One album there was the Beatle’s Sgt. Peppers. When I was really young – 6 or 7 – people would play that album and comment on how great it was. I didn’t get it; I much preferred a compilation album that had Doris Day, Roy Rogers etc. singing children’s songs. Then, when I was around 12 or so, me and some friends played the album and it was like a lightbulb went on. We fuckin’ LOVED that album and played it every night for two weeks.
So why did I dislike the album as a child, but fall in love with it as I was on the cusp of teenhood?
I’ve mentioned an idea presented in the book “This is Your Brain on Music”: people like music that is complex enough to challenge them but not so complex that it befuddles them. The average adult is bored by nursery rhymes but also put off by super complex modern atonal classical music. For most adults, rock and pop music hits that sweet spot of offering some surprises but not being indecipherable. My thinking is that maybe when I turned 12 I’d absorbed enough of the rules and concepts of music that Sgt. Pepper hit that sweet spot for me. The music hadn’t changed (of course) but I had.

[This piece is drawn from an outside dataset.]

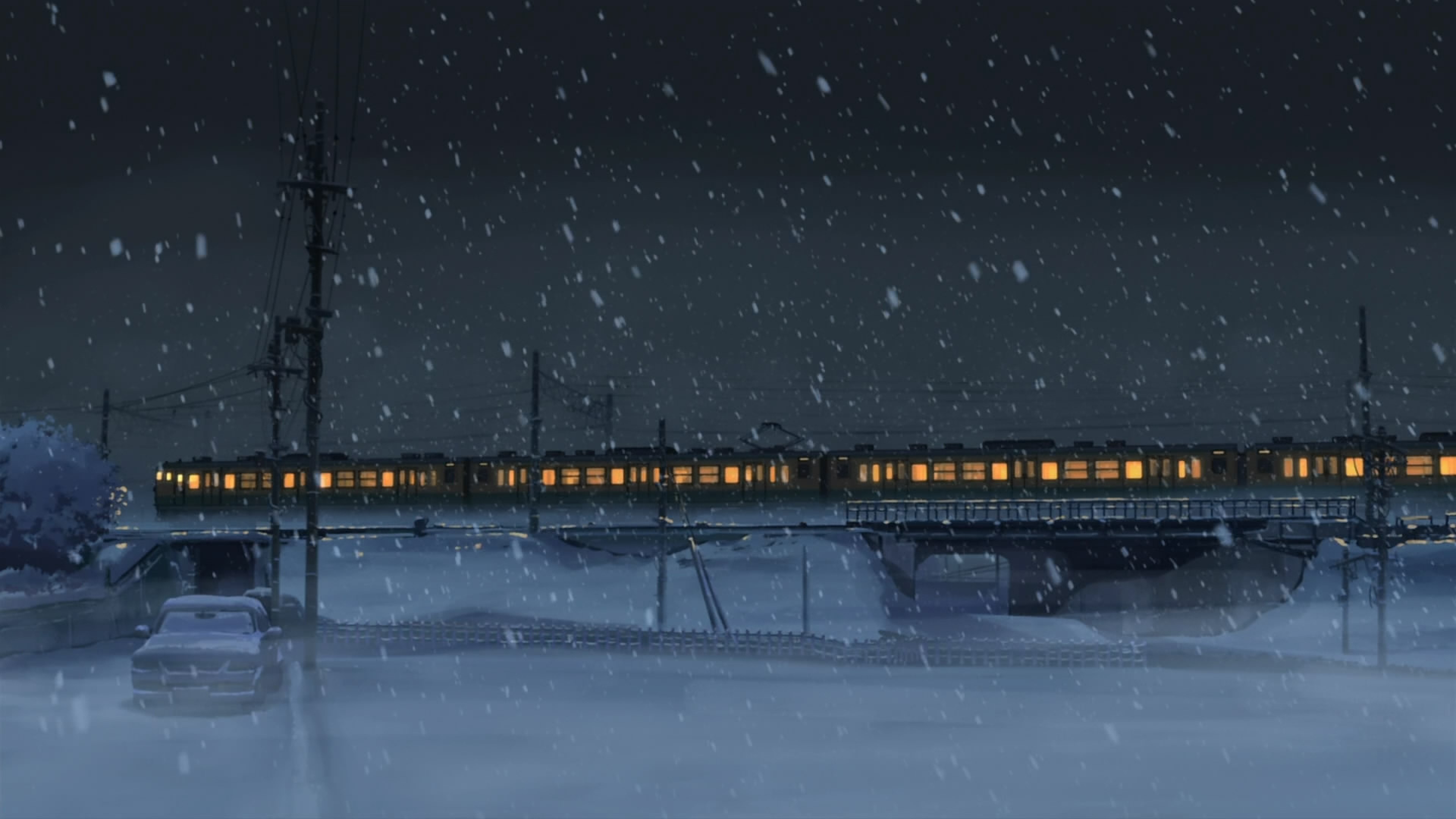 3840x2160  Wallpaper train, night, snow, winter, light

But there may be another aspect. Rock music is commented on because its basic groove is somewhat akin to the rhythm of sex or masturbation. (The term “masturbatory rhythms” has been tossed around (or tossed off – HAWHAWHAWHAW get it?) by more than one cultural critic.) Maybe at the age of 12 I was just starting to feel the sexual urges being promoted by newly released hormonal surges and thus this rock album which had seemed uninteresting to my younger self suddenly took on new value. It’s possible that the Sgt. Peppers album corrupted my young soul and had I not been exposed to it I would not have become the decrepit serial child murderer that America has grown to love.